Output all of the data exactly, keeping any images out of the copy.

* Data
________

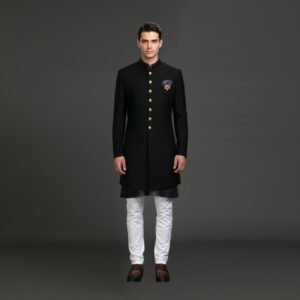 Regal Black Classic Midthigh Achkan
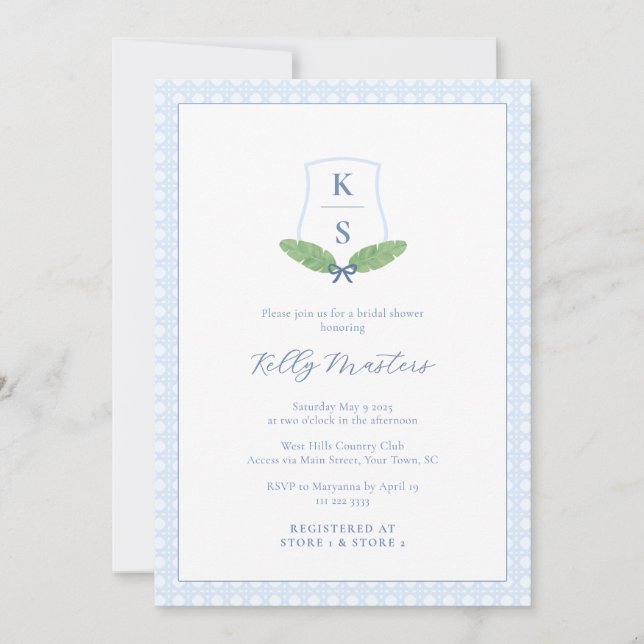 Invitation Elégante feuille de palme Monogramme Fête des mari (Devant)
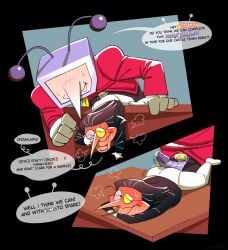 artist_request bottomless deltarune english_dialogue english_text gay horny horny_male size_difference spamtenna spamton_g_spamton tenna_(deltarune) yaoi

________

* Written solution
 Regal Black Classic Midthigh Achkan
 Invitation Elégante feuille de palme Monogramme Fête des mari (Devant)
 artist_request bottomless deltarune english_dialogue english_text gay horny horny_male size_difference spamtenna spamton_g_spamton tenna_(deltarune) yaoi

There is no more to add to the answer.